Someone’s in the Kitchen with Daniel

A private cooking lesson with Daniel Boulud shows why he’s cut out to be a French chef – and you’re not.

Here’s why Daniel Boulud’s burger is better than yours: Ordering the original DB Burger served at the chef’s Manhattan restaurant, DB Bistro Moderne, buys you ground sirloin stuffed with succulent braised short ribs, foie gras and preserved black truffle, made to order on a freshly baked Parmesan bun. The accompanying pommes frites, served in a parchment-lined silver cone, taste more potatoey than any fries I’ve had before.

Momentarily lost in the reverie that is love at first bite, meat juice dripping clear past my watchband, I realize too late that I’m actually meant to use a fork and knife to eat the thing, like the businessmen surrounding me who also wisely removed their suit jackets in anticipation. “Yes, that is what most people do,” volunteers my waiter as I lick my elbows clean.

Bottom line: Daniel Boulud is an evil genius – and if this burger were single and Jewish, I would marry it. In what must be a culinary first, the superthick stuffed patty sees the shredded short ribs actually cutting the fattiness of the foie and sirloin. What’s more, the short rib stuffing involves numerous steps, the most impressive being pouring three bottles of dry red wine into a saucepan and then setting it aflame. Boulud has taken an essential yet basic piece of Americana and spirited it into a technique-driven masterpiece.

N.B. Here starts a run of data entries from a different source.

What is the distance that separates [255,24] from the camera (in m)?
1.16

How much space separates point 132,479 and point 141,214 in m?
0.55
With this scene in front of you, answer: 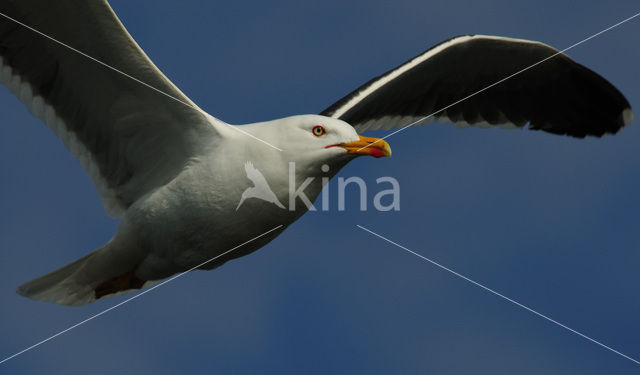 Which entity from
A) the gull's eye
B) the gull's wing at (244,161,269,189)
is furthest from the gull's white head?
the gull's wing at (244,161,269,189)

Boulud’s pantry is stocked, like most in his culinary bracket, with the cream of the seasonal crop, a legacy perhaps of being raised on the family farm in Lyon. But it’s the way the chef handles his raw materials with a neurosurgeon-like attention to detail that must be the secret ingredient. This becomes clear after witnessing him at work during a private cooking lesson, post-burger. I’m here to learn how he transforms something even more pedestrian than the humble beef patty. I mean, it’s one thing to make an easy crowd-pleaser like his oft-copied haute burger, but it’s another thing altogether to make a potato and leek soup into, well, soupe.

I meet him in the small catering kitchen of Daniel, his flagship restaurant, just down the hall from the gleaming service kitchen. Boulud arrives wearing a pristine chef’s jacket, a perfect suntan and a Cheshire grin. I instantly deem him charming, creative and meticulous. In short, he’s a French chef. (And no offence to the burger, but if he were single and Jewish, I’d marry him too.)

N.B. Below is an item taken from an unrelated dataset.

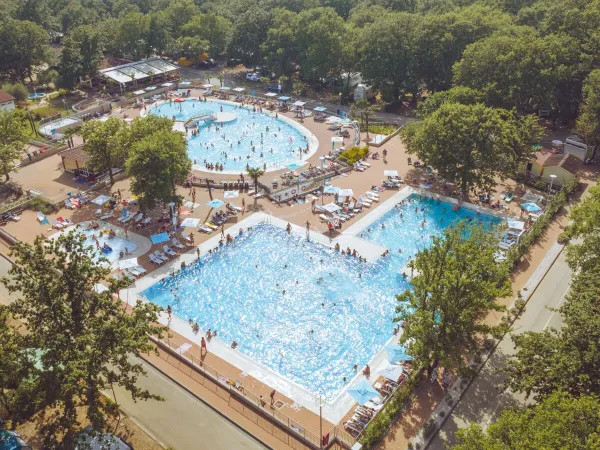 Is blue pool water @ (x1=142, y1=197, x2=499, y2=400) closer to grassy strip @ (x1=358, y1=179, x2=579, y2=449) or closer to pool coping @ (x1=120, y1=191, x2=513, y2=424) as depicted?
pool coping @ (x1=120, y1=191, x2=513, y2=424)

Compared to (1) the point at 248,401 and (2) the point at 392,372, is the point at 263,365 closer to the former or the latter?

We set to work on a cold potage Parisien purée with sorrel. “First, you make a soup with potato and leeks and good chicken stock. And then, separately, you blanch Boston lettuce and sorrel in salted water.” He squeezes out the water. “Then you boil a little bit of cream. Et voilà. ” Boulud pours it all into an industrial-grade blender and sticks his spoon into the running blender, which ranks as the second most dangerous thing I’ve ever witnessed. He adds salt and pepper – “always be seasoning” – a little more stock for that bull’s eye consistency, and then he sticks his finger into the moving blender for a taste, which is, hands down, the most dangerous thing I’ve ever witnessed. After the chartreuse-coloured soup is strained and cooled, he dollops a fluffy cloud of whipped cream atop the bowl, explaining that the quality of the ingredients, the seasonality and the technique make even a simple dish sublime.

But he’s not done yet. “And now we have some caviar floating on the cream,” he says (of course we do), at which point he starts spoon-feeding me his own line of Caspian osetra straight from the tin. Then the chef employs such gravitas while meticulously arranging fresh sorrel leaves and wee homemade melba rounds around the bowl’s outsize rim that I’m just waiting for him to pull out a ruler and calipers. Meanwhile, the cream and caviar gently loll atop the soup before slowly creeping over it like delicious sea foam. “ Et voilà! ” We both sneak a spoonful. Mmmm.

Sensing the caviar boosts the bottom line and recalling the price of my lunchtime burger ($32), I ask the chef how much he would charge for this lovely potage if it were on the menu. And with that, he laughs the laugh of a man who’d charge $90 for a bowl of soup.


I’m capping off my day in Bouludland on the other side of the kitchen door. The look of Daniel is that of a typical Park Avenue building built in the 1920s: columns and pilasters, velvet settees in the lounge and well-spaced tables in the dining room. It’s like entering a fancy restaurant scene in a big-budget movie, and, before long, I start to feel like Marie Antoinette as a stable of liveried servers refolds napkins, refills champagne flutes and presents us with a three-tiered silver tray of amuse-bouches to start. I half expect them to slip off my boots and start fitting me with bespoke Parisian footwear.

Following a remarkable dinner and the chariot des fromages, a series of desserts is upon us, including a vacherin à la violette, canneberges et litchis that is almost too beautiful for words. Dressed in a pastel-coloured frock of teardrop meringues, it is delicate, sweet and crunchy… By my count, it incorporates no fewer than seven textures, three temperatures and a dozen delightful flavour components, including, I suspect, marshmallow.

Just as I’m marvelling at the artistry of the thing, Daniel Boulud, who’s been working the room in his chef’s whites, approaches the table, still sporting that Cheshire grin. All I can think is, this is one happy man. He’s using an impeccable foundation of technique and inherent talent to turn meringue into magic and burgers into bliss. Something like that would make me happy, too.

Especially if I could charge 90 bucks for a bowl of soup.